By all means, upgrade to the stone countertop, it will last.  Forego the Jacuzzi that you will use only until the novelty wears off.  If you do purchase a Jacuzzi, be sure to get the optional heater; otherwise, the water cools too quickly and you will likely only use it once a month.

Despite what the flooring representative claims, solid hardwood floors are always a better choice than pre-finished hardwood veneer. Most of the homes I inspect are not new.  I SEE what lasts and what does not.  Often you get flooring installed after you buy cheaper than the builder wants for the upgrade, but you will not be able to roll it into your mortgage, so there is trade off.

The fancy double oven is very appealing in theory.  In reality, however, most individuals spend very little time cooking. Restaurant sales in America prove this, as does my experience of seeing 4-year old homes with ratty microwaves, while the 2nd oven still has the Styrofoam factory shelf retainers.  Spend upgrade money on something you will use, such as better drawer closers, a better faucet/sprayer, or bigger sinks.

Get the garage door opener first, as you will likely be buying curtains and furniture for your new home after closing.  Besides, most people don’t have the tools, ladders and other things that you will eventually have to buy, even if you do not want to.

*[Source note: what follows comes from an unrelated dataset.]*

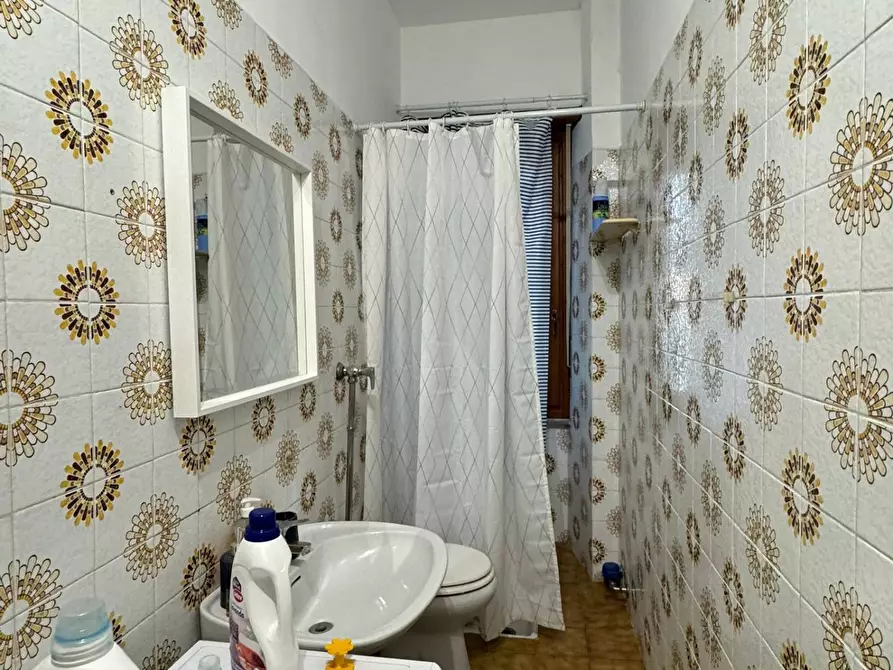 Immagine 7 di Appartamento in affitto  in Via Barletta 83 a Torino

Here is the best advice I can give (though most individuals tend to ignore it): Opt for the most energy efficient furnace and a/c unit you can obtain.  Pay a bit more for extra attic insulation.  These items pay you back over time.  If you are really into energy efficiency, look at water heaters next.    Nothing else you can buy in the home can pay for itself and then put money in your pocket as these items can.   You do not see these items every day, so they don’t have show appeal, but to a smart person these are better use of money.

For Resale’s
Evaluate the outside of the home and the surrounding neighborhood.  This is what visitor’s see first and what buyers will look at when YOU go to sell.  I do not recommend the practice of buying a home in a bad neighborhood because it is cheap. It is cheap for a reason.  When it comes to buying in “up and coming” neighborhoods, be very careful.   Because of changes in how homes are financed, speculative “gentrification” of bad areas has all but stopped.  Renovation of bad homes in good neighborhoods is much safer financially for investor/renovators.

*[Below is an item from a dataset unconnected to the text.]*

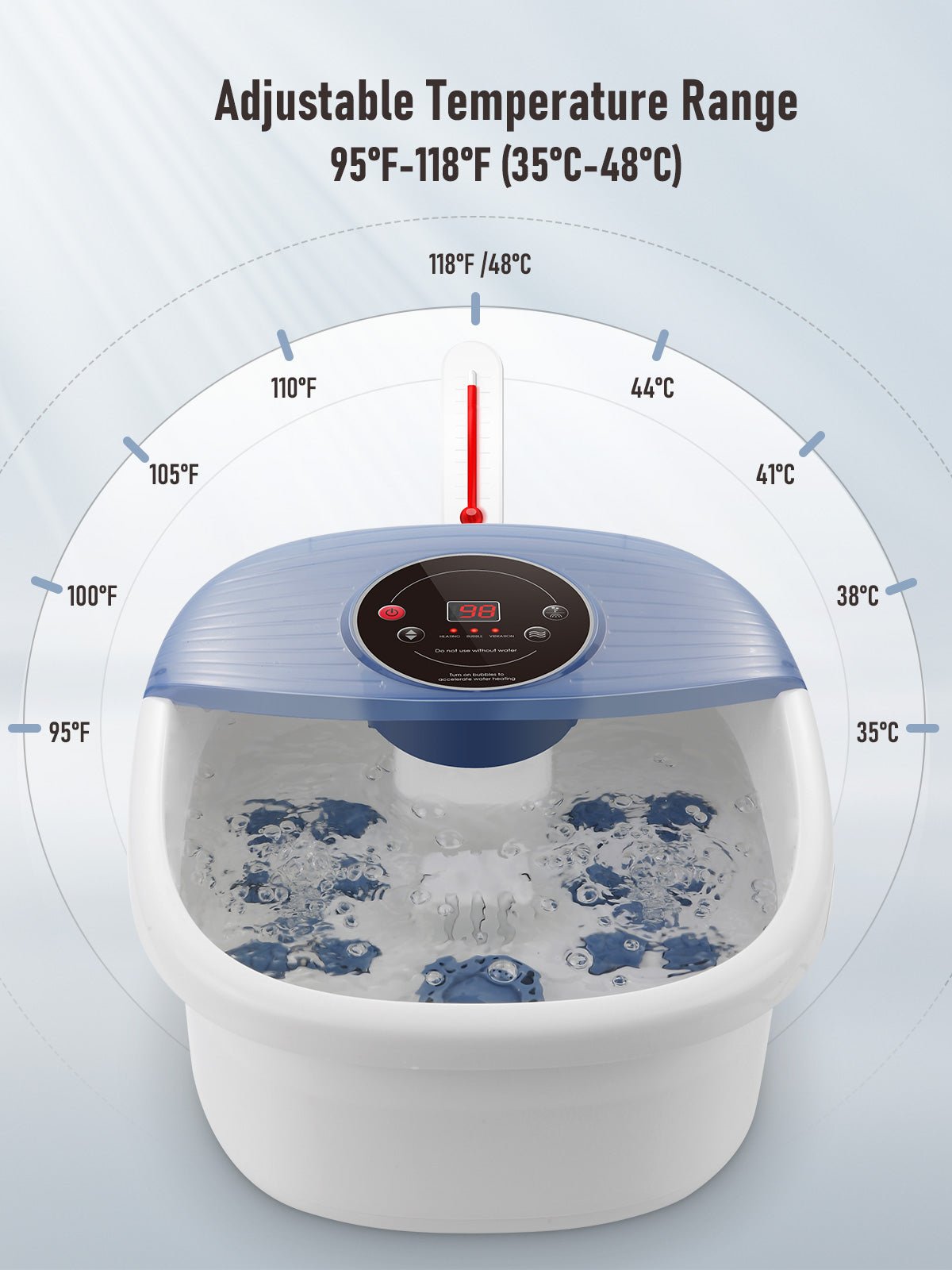 naipo-xkam-spa18-heated-bubble-foot-spa-with-rollers-287073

From a home maintenance point-of-view, water is the biggest concern.  Water will destroy your home far quicker than termites.  Leaks, rot, and mold go hand-in-hand.  Elaborate roof lines with valleys and gables cost more to re-roof and tend to leak more. Once again, simple is better. 

Siding is also a top home maintenance consideration.  Brick is best, followed by Hardiplank (cement), vinyl is ok, but it depends on the grade (vinyl is almost never painted, so if you do not like the color, walk away).  It is also important to note that starter homes were often built with cheaper (thinner) vinyl.  Stucco is a mixed bag.  There is hard stucco and EIFS.  Both can have problems if the original installation was poor.  Wood will require more frequent caulking and painting than any other siding. 

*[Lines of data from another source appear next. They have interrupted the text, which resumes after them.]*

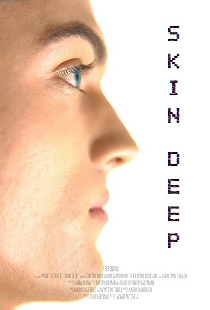 Skin Deep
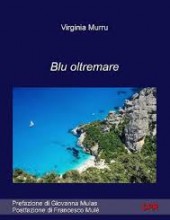 Blu_Oltremare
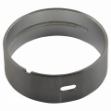 Picture of Cam Bearing, 7 used per engine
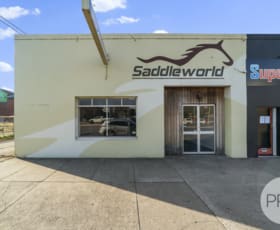 Shop & Retail commercial property for lease at 2/99 Edward Street Wagga Wagga NSW 2650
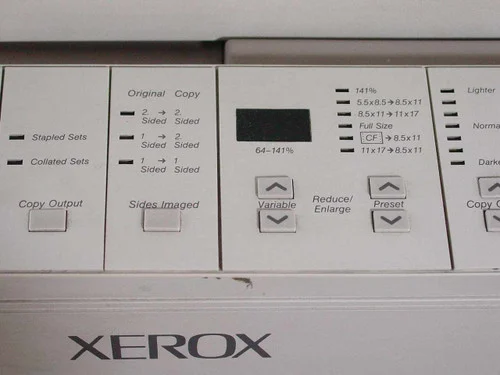 Xerox-5052-Copier-for-Parts_117118__19828.1707960856.500.750.webp Xerox 5052Copier for Parts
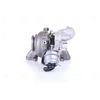 Image de Turbocompresseur, Suralimentation Nissens 93071 Seat;Skoda;Volkswagen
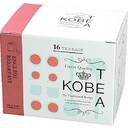 神戸紅茶イングリッシュブレックファスト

Homes with particleboard siding should be avoided.

Some homes (80’s and early 90’s) had polybutylene piping.  This piping develops leaks over time. It is best avoided.

Many realtors will tell you that homes with particleboard siding and polybutylene have that defect priced in, so the home is discounted to reflect it.  That may be true, but when the plumbing starts springing leaks, the 10 grand you saved on the front end won’t do you any good when you need $9000.00 cash NOW to pay the piper (or this case the re-piper).   

If you want to buy a fixer upper, do it in a good neighborhood, and take a good inventory of your personal skills.  Many guys like to think they can do anything, when in reality they are very poor at renovation.  And buying the tools to get started will set you back a couple grand before you even really get going.   

Remember, if you do a poor job at renovation, it is worse than no renovation because a buyer will be told the work you did wrong (or poorly) will have to be torn out and that raises his cost for further upgrades.  Do what you can do WELL and do not cut corners on products you install or the installation itself. 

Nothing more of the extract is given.